NYU School of Medicine releases dataset to help make MRI scans 10x faster

As part of a collaborative research project with Facebook, the NYU School of Medicine is releasing an open-source dataset aimed at using artificial intelligence to make MRI scans 10 times faster.

The initial dataset release includes more than 1.5 million anonymous MRIs of the knee, captured from 10,000 scans, as well as raw measurement data from nearly 1,600 scans. Future releases will include data from liver and brain scans.

In addition, Facebook AI Research and NYU will provide the larger scientific community with a suite of tools—including baseline metrics to compare results—and a leaderboard to keep track of progress as part of an organized challenge to be announced in the near future.

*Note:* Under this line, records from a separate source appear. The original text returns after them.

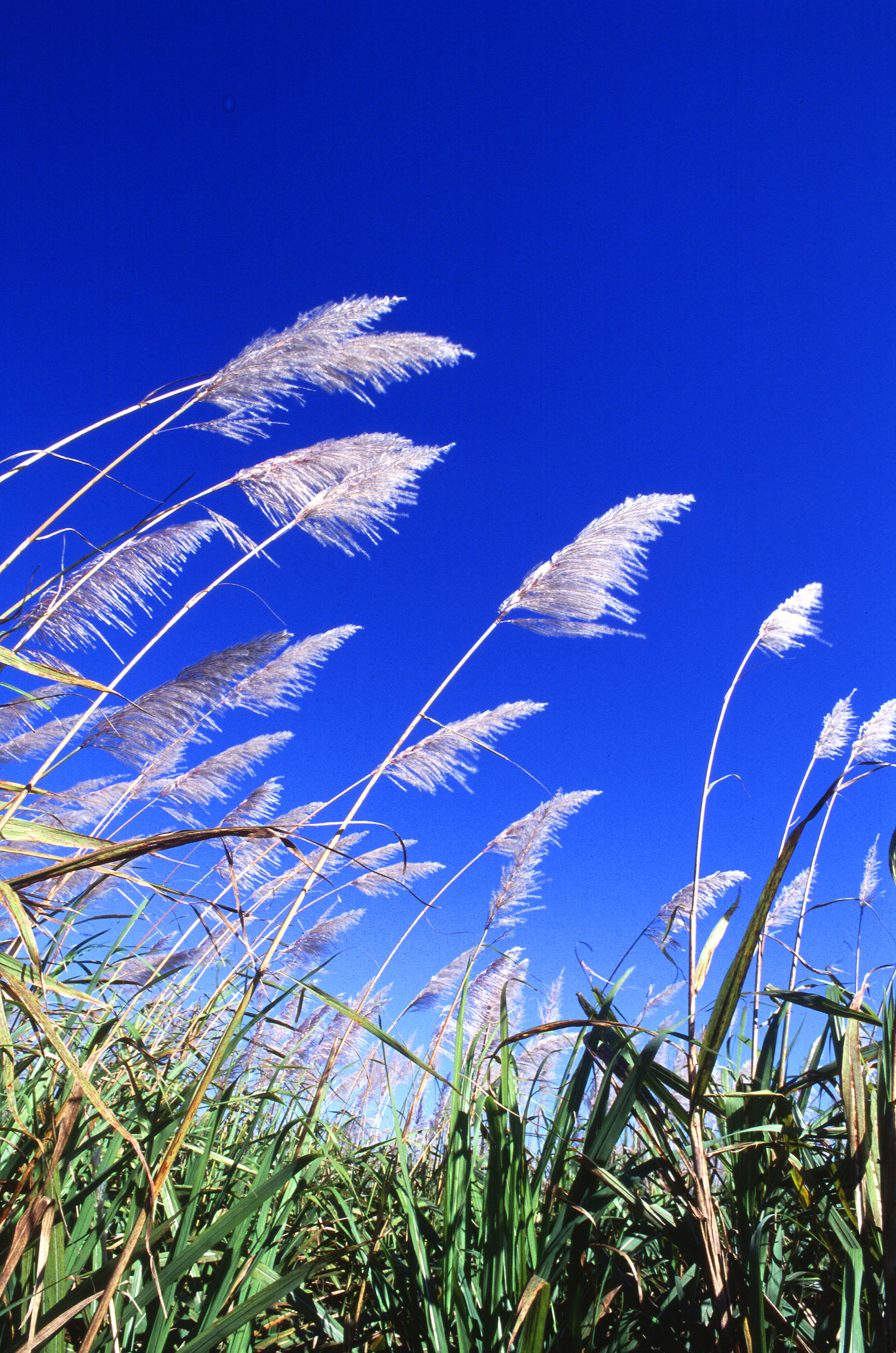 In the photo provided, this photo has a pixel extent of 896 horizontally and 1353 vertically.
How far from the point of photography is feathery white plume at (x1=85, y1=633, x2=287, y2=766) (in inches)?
104

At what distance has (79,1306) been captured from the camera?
0.81 m

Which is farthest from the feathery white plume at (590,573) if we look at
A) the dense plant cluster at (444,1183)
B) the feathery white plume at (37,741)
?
the feathery white plume at (37,741)

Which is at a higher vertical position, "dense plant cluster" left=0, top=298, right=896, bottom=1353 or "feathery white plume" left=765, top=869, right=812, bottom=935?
"feathery white plume" left=765, top=869, right=812, bottom=935

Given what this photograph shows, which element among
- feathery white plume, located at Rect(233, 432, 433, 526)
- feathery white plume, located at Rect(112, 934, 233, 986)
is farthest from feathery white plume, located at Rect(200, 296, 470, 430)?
feathery white plume, located at Rect(112, 934, 233, 986)

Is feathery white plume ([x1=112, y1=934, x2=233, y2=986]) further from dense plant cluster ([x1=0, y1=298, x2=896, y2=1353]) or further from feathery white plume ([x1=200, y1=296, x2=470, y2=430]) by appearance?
feathery white plume ([x1=200, y1=296, x2=470, y2=430])

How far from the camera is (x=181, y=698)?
8.76 feet

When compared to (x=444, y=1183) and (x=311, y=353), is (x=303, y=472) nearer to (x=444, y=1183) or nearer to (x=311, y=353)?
(x=311, y=353)

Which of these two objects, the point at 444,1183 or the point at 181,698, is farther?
the point at 181,698

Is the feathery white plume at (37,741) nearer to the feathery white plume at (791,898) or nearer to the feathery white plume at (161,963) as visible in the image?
the feathery white plume at (161,963)

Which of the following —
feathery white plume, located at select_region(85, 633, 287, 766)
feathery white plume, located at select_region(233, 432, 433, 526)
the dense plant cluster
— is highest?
feathery white plume, located at select_region(233, 432, 433, 526)

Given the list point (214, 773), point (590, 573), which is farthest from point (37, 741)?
point (590, 573)

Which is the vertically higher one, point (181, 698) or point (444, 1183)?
point (181, 698)

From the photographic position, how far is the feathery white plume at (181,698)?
2641mm

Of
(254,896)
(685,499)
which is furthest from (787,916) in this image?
(254,896) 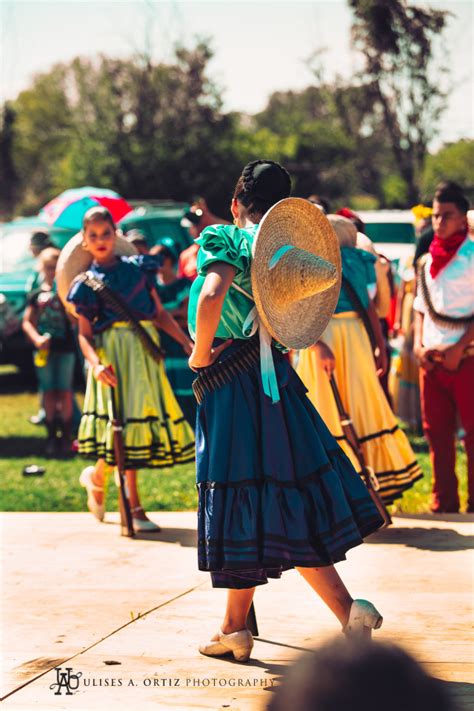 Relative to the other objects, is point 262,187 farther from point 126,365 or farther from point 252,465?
point 126,365

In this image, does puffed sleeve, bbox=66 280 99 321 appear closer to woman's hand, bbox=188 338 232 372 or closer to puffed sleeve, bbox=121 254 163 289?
puffed sleeve, bbox=121 254 163 289

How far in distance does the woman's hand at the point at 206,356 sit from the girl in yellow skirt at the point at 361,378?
94.1 inches

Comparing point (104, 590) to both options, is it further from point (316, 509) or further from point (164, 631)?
point (316, 509)

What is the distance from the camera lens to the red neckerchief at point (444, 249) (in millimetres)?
7320

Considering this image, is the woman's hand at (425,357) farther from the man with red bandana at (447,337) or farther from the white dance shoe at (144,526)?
the white dance shoe at (144,526)

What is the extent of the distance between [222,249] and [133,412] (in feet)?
9.59

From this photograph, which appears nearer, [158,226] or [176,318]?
[176,318]

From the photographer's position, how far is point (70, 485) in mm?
9664

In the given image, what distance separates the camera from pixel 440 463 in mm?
7629

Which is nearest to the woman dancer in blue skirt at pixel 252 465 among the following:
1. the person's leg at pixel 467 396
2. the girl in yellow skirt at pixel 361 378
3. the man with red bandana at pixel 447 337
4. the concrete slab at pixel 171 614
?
the concrete slab at pixel 171 614

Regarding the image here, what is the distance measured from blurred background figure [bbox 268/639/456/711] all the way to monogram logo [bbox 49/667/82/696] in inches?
110

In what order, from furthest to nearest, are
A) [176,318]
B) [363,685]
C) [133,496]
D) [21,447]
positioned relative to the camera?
[21,447]
[176,318]
[133,496]
[363,685]

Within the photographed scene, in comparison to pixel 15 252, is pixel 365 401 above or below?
below

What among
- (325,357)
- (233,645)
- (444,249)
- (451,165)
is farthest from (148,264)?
(451,165) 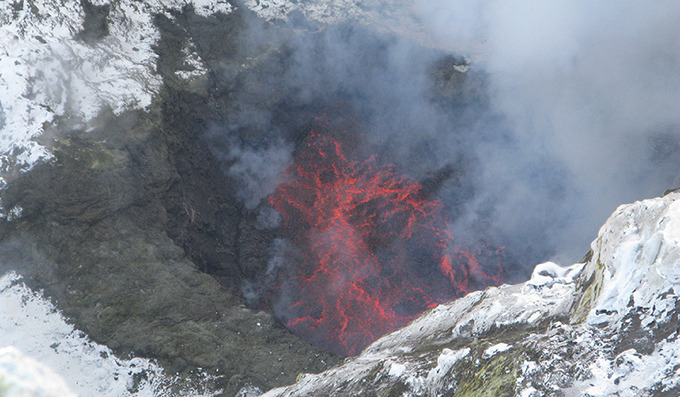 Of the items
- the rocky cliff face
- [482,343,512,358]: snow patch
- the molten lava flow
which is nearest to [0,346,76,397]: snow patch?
the rocky cliff face

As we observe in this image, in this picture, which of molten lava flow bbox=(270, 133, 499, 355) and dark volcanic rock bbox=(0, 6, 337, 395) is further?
molten lava flow bbox=(270, 133, 499, 355)

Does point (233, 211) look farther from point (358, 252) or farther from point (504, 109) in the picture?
point (504, 109)

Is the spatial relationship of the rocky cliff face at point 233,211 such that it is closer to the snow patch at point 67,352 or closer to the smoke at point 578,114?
the snow patch at point 67,352

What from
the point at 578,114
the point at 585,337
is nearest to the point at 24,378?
the point at 585,337

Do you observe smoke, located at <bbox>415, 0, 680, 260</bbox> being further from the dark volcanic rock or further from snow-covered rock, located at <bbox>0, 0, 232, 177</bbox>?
snow-covered rock, located at <bbox>0, 0, 232, 177</bbox>

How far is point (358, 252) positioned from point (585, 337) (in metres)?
12.4

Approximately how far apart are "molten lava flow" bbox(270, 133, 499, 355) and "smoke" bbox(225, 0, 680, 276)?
89cm

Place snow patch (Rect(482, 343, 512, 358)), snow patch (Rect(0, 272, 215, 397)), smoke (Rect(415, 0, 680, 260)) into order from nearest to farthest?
snow patch (Rect(482, 343, 512, 358)), snow patch (Rect(0, 272, 215, 397)), smoke (Rect(415, 0, 680, 260))

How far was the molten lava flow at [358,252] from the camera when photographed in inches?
636

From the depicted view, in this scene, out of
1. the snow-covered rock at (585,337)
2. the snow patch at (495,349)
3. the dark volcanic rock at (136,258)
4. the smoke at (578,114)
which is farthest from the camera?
the smoke at (578,114)

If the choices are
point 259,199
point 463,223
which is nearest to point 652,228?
point 463,223

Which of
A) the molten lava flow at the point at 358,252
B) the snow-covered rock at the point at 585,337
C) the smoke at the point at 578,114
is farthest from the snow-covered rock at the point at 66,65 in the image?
the smoke at the point at 578,114

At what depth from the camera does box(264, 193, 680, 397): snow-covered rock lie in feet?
15.8

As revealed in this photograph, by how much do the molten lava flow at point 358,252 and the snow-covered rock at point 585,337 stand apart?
7.87 metres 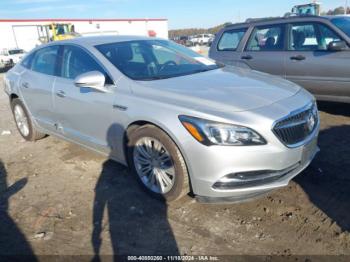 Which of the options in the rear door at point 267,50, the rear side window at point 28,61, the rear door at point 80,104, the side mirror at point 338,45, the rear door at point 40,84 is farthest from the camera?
the rear door at point 267,50

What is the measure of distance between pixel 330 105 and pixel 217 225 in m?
4.59

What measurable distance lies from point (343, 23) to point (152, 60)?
3723 mm

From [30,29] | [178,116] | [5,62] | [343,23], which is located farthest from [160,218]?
[30,29]

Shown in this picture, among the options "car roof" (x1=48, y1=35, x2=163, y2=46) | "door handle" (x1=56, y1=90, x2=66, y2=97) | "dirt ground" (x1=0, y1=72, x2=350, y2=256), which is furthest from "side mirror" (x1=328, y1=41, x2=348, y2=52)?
"door handle" (x1=56, y1=90, x2=66, y2=97)

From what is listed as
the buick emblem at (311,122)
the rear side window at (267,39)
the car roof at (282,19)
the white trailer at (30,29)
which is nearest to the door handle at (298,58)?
the rear side window at (267,39)

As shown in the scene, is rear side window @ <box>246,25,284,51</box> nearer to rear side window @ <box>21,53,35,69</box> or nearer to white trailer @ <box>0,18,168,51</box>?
rear side window @ <box>21,53,35,69</box>

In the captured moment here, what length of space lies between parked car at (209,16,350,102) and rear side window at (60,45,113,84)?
356cm

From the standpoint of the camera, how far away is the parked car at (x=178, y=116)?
9.64 feet

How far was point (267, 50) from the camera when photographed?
6488 millimetres

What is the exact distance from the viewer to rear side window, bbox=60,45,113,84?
4.04 metres

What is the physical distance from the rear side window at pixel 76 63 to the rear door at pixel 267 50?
11.7ft

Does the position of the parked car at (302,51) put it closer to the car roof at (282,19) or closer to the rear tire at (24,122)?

“We hope that the release of this landmark dataset, the largest-ever collection of fully-sampled MRI raw data, will provide researchers with the tools necessary to overcome the challenges inherent in accelerating MR imaging,” says Michael Recht, MD, chair of the Department of Radiology at NYU School of Medicine. “This work has the potential to not only help increase access to MR imaging, but also improve patient care worldwide.”

NYU Hospital

The effort, called fastMRI, is meant to speed up notoriously slow MRI machines which can take between15 minutes to more than an hour to conduct scans, versus less than a second or up to a minute—respectively—for X-ray and CT scans.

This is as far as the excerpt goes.